Se foi fácil decidir pelo sim? Não! Definitivamente. Muito ficava para trás, sobretudo, para mim, anos e anos de relação com alunos e inteira dedicação a uma escola que era a minha casa. Lembro da expressão de surpresa e apreensão no rosto das pessoas quando lhes dizia que ia partir para o Kosovo. Infalivelmente seguia-se a pergunta: “ – Tens a certeza?” Tinha. Dentro de mim algo me dizia que sim, embora também sentisse medo. Era tempo de me desafiar, rasgar, ver se conseguia viver num lugar em crise maior que o nosso país, com poucos recursos e sem ostentação. Queria partir em direcção ao desprendimento.

Vem-me à memória a luz difusa que banhava o aeroporto Sá Carneiro naquela manhã de Março, o facto de olhar para todo o lado como que a respirar o ar português uma última vez, a correria para chegar a horas ao check-in e a simpática funcionária da TAP que, vendo o destino final do bilhete, deixou escapar num espanto: “- A senhora vai para os lados da Sibéria?” Ri-me. Na mente, as leituras de Dostoiévski. Desculpei-a com o sinal afirmativo de que ia para um lugar frio. Foi assim que saí de Portugal. A certeza do frio e uma mala. Uma vida e cada um de nós apenas trouxe uma mala. Os meninos tiveram direito à escolha de um único brinquedo. Um. Não tínhamos espaço e eles precisavam escolher. Jamais esquecerei a lição do meu filho mais velho. Decidiu-se pelo livro de orações para crianças que o melhor amigo lhe oferecera na despedida. Desde o minuto que saiu da ilha Terceira, enquanto esteve no Continente à espera do dia da derradeira partida para o Kosovo, dormiu sempre acompanhado deste livro.

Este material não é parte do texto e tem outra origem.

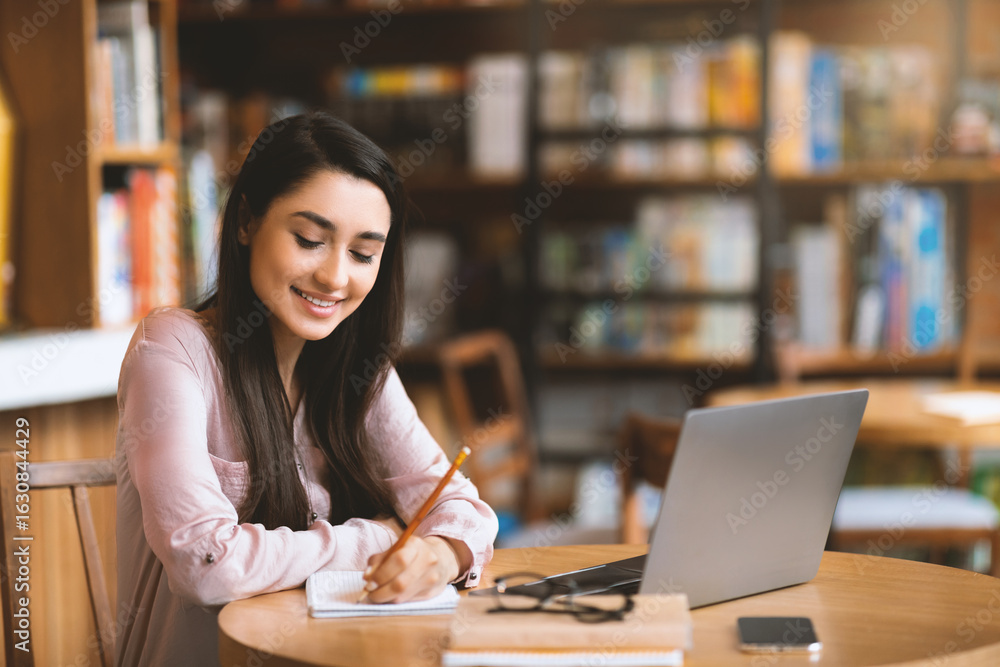 Online education. Motivated latin woman studying with laptop at cafe and taking notes while watching webinar or preparing for exam in cafeteria, empty space Online education. Motivated latin woman studying with laptop at cafe and taking notes while watching webinar or preparing for exam in cafeteria, empty space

Com mil cuidados colocava-o debaixo da sua almofada.

Deixa-se alma quando se parte. Abraça-se saudade de quem e do que ficou.

Chegar é desassossego! Chegar é inquietude!

Chega-se num estado entre o sangrar e o ansiar. Uma agonia triste. Um suspiro alegre para ver, cheirar, tocar, sentir. Chega-se sôfrego pelo novo, pelo diferente. Com desejo perdido entre o captar e dar, receber e oferecer, deslumbrado num movimento recolhido e  exposto. Chega-se esvaído, o estômago num aperto. Ávido, os olhos em abertura.

Chegar, entre o alvoroço e o apaziguar, de mansinho faz renascer mas nunca esquecer o que ficou. A mala, quase vazia, lenta e paulatinamente se vai enchendo de novas pessoas, experiências, culturas, sentires e sabores que salvam e resgatam toda e qualquer decisão e a transformam em alma. Curioso como ambas as palavras têm precisamente as mesmas letras: MALA. ALMA.

Hoje, felizmente posso afirmar, a alma está cheia, com todos os avessos e todos os ‘direitos’ da vida no Kosovo.